Penghapusan Mustafa dari tahta
Meskipun semua kejenakaan ini, para abdi dalem kamp pertama mendapat manfaat dari pemerintahan sultan yang berpikiran lemah. Bagaimanapun, dia tidak lebih dari pion di tangan mereka yang cakap. Ngomong-ngomong, ibunya Halime, setelah naik takhta, menjadi sultan yang sah. Sepanjang masa pemerintahannya yang singkat, Mustafa I hanyalah pion di tangan para abdi dalem. Dan kekaisaran itu sebenarnya diperintah oleh Khalil Pasha - Wazir Agung. Namun, pemerintahan Mustafa berumur pendek. Beberapa bulan kemudian, pada tahun 1618, ia digulingkan, dan Osman II naik takhta. Mustafa yang malang dipenjara lagi di “kandang”.
Pemerintahan kedua
Sultan Mustafa naik tahta untuk kedua kalinya pada tahun 1622. Dan itu adalah pertama kalinya dalam sejarahKekaisaran. Janissari memberontak dan menggulingkan Osman II dari takhta. Dia kemudian dicekik di kamarnya. Menurut rumor, setelah itu, hidung dan satu telinganya dipotong dan dikirim ke Halime Sultan. Setelah di atas takhta, Mustafa mulai berperilaku lebih buruk: penyakitnya berkembang. Kadang-kadang dia memiliki kilasan kesadaran, dan kemudian dia dengan sedih mengakui bahwa dia tidak ingin menjadi penguasa kekaisaran dan dibiarkan sendirian. Sultan gila berpikir bahwa Osman masih hidup, dia berkeliaran di sekitar istana untuk mencari keponakannya, mengetuk pintu yang terkunci dan meminta untuk dibebaskan dari beban beratnya.

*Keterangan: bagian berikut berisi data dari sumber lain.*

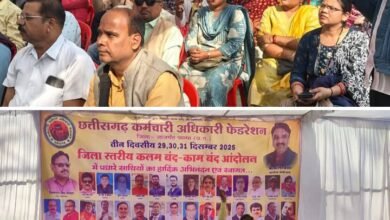 नया साल सरकार के लिए बन रहा हड़ताल के नाम पर मुसीबत- जांजगीर- चांपा जिले के सरकारी दफ्तरों में सन्नाटा,काम के लिए दिनभर भटकते रहे नागरिक, सरकारी कर्मचारी अधिकारी फेडरेशन के सदस्य अपनी मांगों को लेकर हड़ताल पर, संघ के डॉक्टर रविंद्र द्विवेदी ने कहा- ठगा सा महसूस कर रहे हैं कर्मचारी kshititech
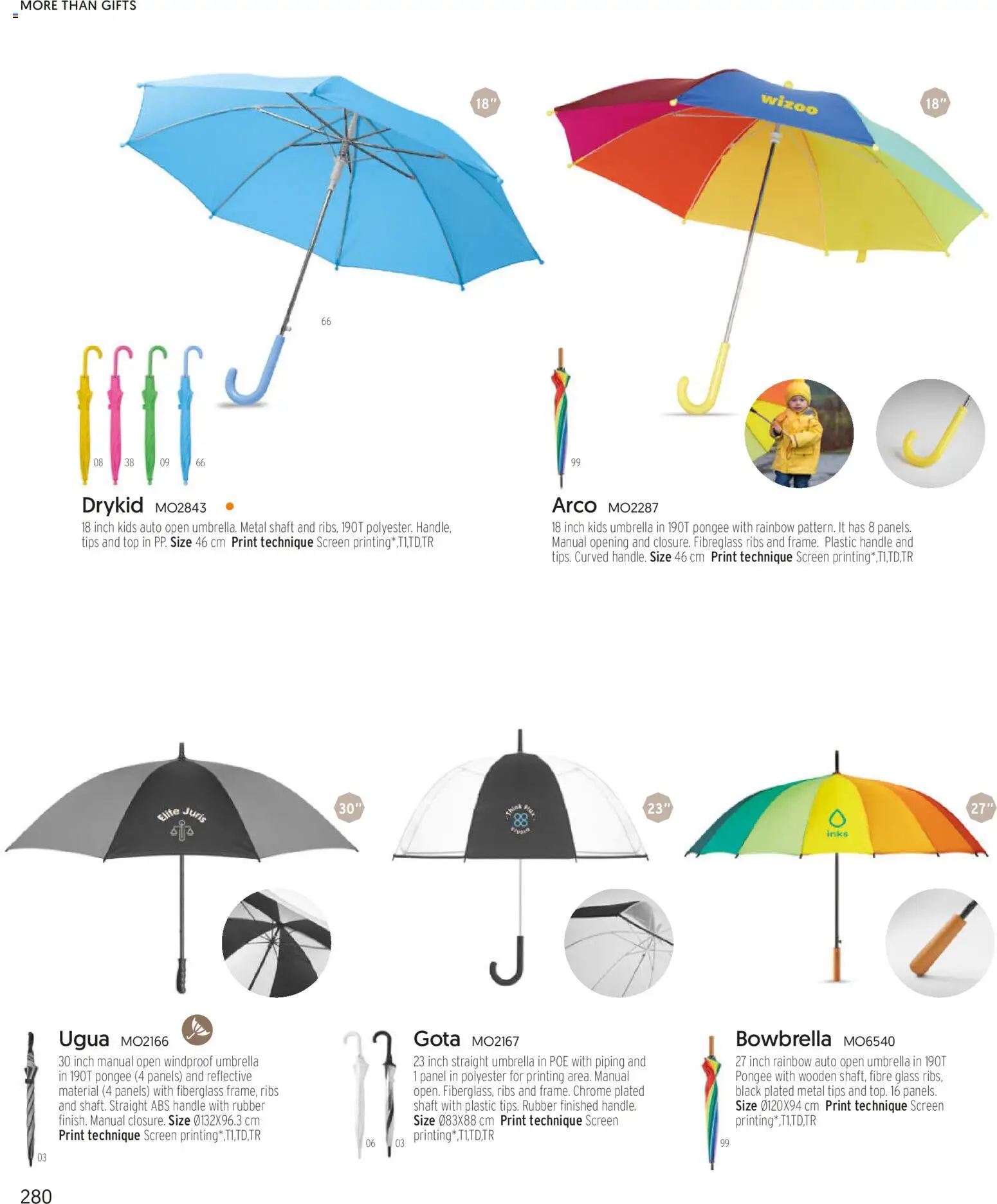 Sapo Giveaways More than gifts – σε ισχύ από 15.01.2026 | Σελίδα: 282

Tapi karena aksesinya ada di tangan saudara iparnya, Davud Pasha (omong-omong, dia dicurigai atas kematian Osman II), dia belum akan dicopot dari kekuasaan.
Pemberontakan
Setelah kematian Osman, Janissari memberontak dan menuntut balas dendam atas kematian Sultan Osman II. Untuk memadamkan pemberontakan, Halime Sultan memerintahkan eksekusi menantunya, Davud Pasha. Namun, bahkan setelah itu, Janissari tidak tenang dan mengepung Ankara. Satu demi satu, abdi dalem yang berbeda muncul di jabatan Wazir Agung, dan akhirnya Kemankesh Kara Ali Pasha berkuasa. Bersama para ulama, ia membujuk Halime Sultan untuk menurunkan Mustafa dari tahta. Dia harus setuju, tetapi hanya dengan syarat bahwa nyawa putranya terselamatkan. Segera, Shehzade Murad IV yang berusia 11 tahun, putra selir Kyosem dan Sultan Ahmed I, diangkat ke takhta, dan Mustafa kembali dikirim ke Kafes - ke "kandangnya", tempat ia tinggal sampai kematiannya. Kematian Sultan Mustafa tidak mengubah apa pun dinegara. Tidak ada yang peduli di hadapannya. Dia meninggal pada tahun 1639. Ia dimakamkan di bekas baptisan Hagia Sophia.